Как показывали «Ленин в Октябре» в 40-х годах

Случилось это после войны, года через три или через четыре, в канун ленинских дней. Был я тогда с Большаковым в ссоре, не помню уж почему. Ну и вот, в канун ленинских дней – мне звонок. Час ночи.

– Михаил Ильич, так вот, приезжайте сейчас в Комитет. Очень важное дело.

Я говорю:

– Как сейчас? У меня машины нет.

– Мы уже за вами выслали.

Ну, думаю, раз «Михаил Ильич» – значит, наверное, все в порядке, что-нибудь хорошее, потому что, когда плохо, он меня «товарищ Ромм» называл. Поехал.

Приезжаю в знаменитый Гнездниковский переулок. Поднимаюсь. Из просмотрового зала – знакомые голоса. Что такое? Крутят «Ленин в Октябре». В чем дело? Кузаков смотрит.

– Вы пройдите к Ивану Григорьевичу, он вас ждет.

Прохожу к Большакову. Тот возбужден, в радостном настроении, шагает по кабинету красный, как помидор.

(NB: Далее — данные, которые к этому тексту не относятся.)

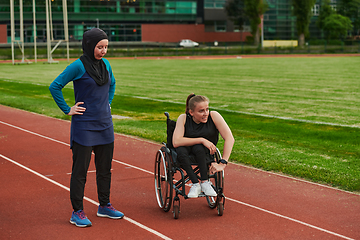 Image showing A Muslim woman wearing a burqa resting with a woman with disability after a hard training session on the marathon course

– Вот, знаете, товарищ Ромм, опять, значит, кино у нас выходит на хорошее место. Придется завтра приехать. Тут вот Храпченко Михаил Борисыч был, звонил, значит, товарищу Сталину, – «товарищ Сталин» он всегда произносил в пониженном тоне. – Докладывал, значит, программу завтрашнего концерта. А товарищ Сталин ему говорит: «Что ж, опять Маяковский, опять „Пламя Парижа“, а поближе к ленинской тематике, а? Ничего нет?» – «Нет…» Ну, значит, опять придется кино. Значит, одно отделение концерта заменить кино. Вот, вот, подумайте, какую-нибудь картину ленинскую, значит, из ваших. Значит, «Ленин в Октябре» сократить до сорока минут.

Я говорю:

– Иван Григорьевич, «Ленин в Октябре» никак сократить невозможно. Просто немыслимо. Там нет такого эпизода. Вот, пожалуй, «Ленин в 1918 году», ежели покушение взять, части две начала, ну и финал, так вроде получится четыре части на сорок минут.

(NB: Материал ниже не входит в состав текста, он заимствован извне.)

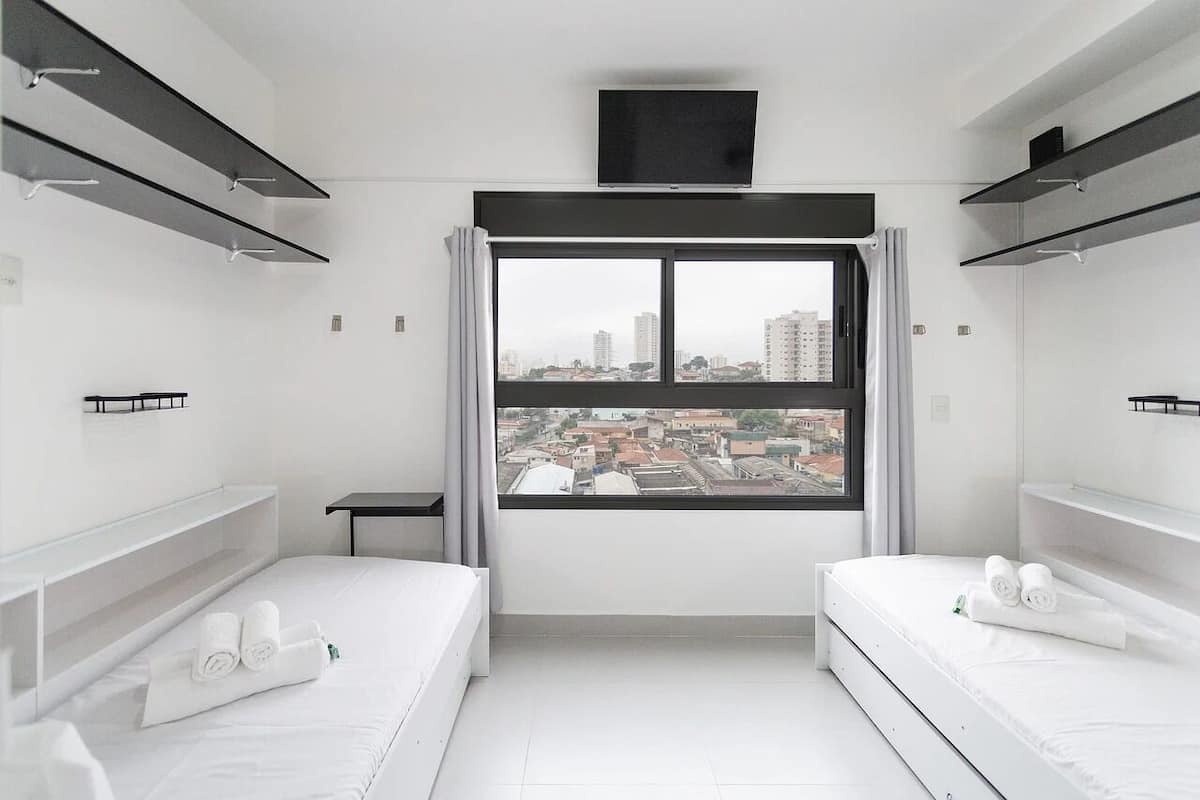 Une chambre d’hôtel moderne avec deux lits, une télévision et une vue sur la ville.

– Ну, ваше дело. Тут, знаете, что забавно? Товарищ Сталин его, Храпченко, спрашивает, значит: «А вы знаете, кто поставил „Ленин в Октябре“?» А Храпченко мне потом рассказывает: «А я и забыл. Ну, брякнул „Ромм“, думаю, а вдруг не Ромм? Что же делать? Нет, оказалось, верно, Ромм. Вот так».

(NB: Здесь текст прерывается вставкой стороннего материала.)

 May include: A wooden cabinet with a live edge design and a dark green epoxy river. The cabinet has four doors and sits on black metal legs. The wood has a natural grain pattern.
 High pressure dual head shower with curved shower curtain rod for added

Ну, я за ночь сократил «Ленин в 1918 году», вырезал четыре части. Только удивился: в начале моей фамилии нет, идет прямо так: вторые режиссеры Васильев и Аронов. Что такое? А куда вообще девалось все остальное? А потом вспомнил: я-то стоял вместе с Каплером в одной надписи. Каплера вырезали и меня вырезали.